Comic Creator Spotlight on Sean McKeever: "I Went Off and Found My Voice"
For Free Comic Book Day we chat with Austin's sequential standouts
By Richard Whittaker, Fri., May 5, 2023
Essential bibliography: The Waiting Place (SLG Publishing); Spider-Man Loves Mary Jane (Marvel); Teen Titans (DC); Outpost Zero (Skybound)
First Comic: “Spider-Man 148, which was toward the end of the original Clone Saga where Spider-Man was fighting his cloned twin that the Jackal had created. I’m 3 years old at the time so it’s all just kind of neat to me.”
Currently working on: “A AAA science-fiction RPG for consoles and PC, and comicswise, I’ve got a couple more Marvel digital projects coming out in the summer, but other than that I’m using my non-video game time to develop a series that I’m hoping to pitch to publishers later this year.”
“I’m a college dropout, I’m living at home, I’m running a 250-foot comic store in my parent’s hardware and sporting goods store [and] I realized, Marvel’s never going to just hire me to write Spider-Man or X-Men [so] I looked around at Strangers in Paradise and Stray Bullets and Hate, and I was influenced by Seinfeld and ER, and I went, ‘I just want to write normal people in normal situations, but have it be authentic and dramatic,’ and I had a whole lot to say about growing up in a tourist town. So I created this whole fictional tableau around my house, and that was where The Waiting Place came from. … It sold maybe a thousand copies an issue, but one of those people reading it was [Marvel editor Tom Breevort], and that’s how I got started at Marvel, writing The Incredible Hulk of all things. But it was because I went off and found my voice through The Waiting Place.

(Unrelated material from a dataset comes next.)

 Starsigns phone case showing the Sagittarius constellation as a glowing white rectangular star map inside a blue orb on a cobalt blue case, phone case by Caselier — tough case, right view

“[I’m proudest of] Spider-Man Loves Mary Jane. I look back at that and thinking, ‘My god, I am writing The Waiting Place for Marvel, basically.’ My latest series, Outpost Zero, that’s one I’m really proud of. It was basically one big therapy session of me working through depression and anxiety in a science-fiction setting. At first, when I was developing it, I described it as, ‘The Waiting Place in space,’ and that one, I hope it stands the test of time.”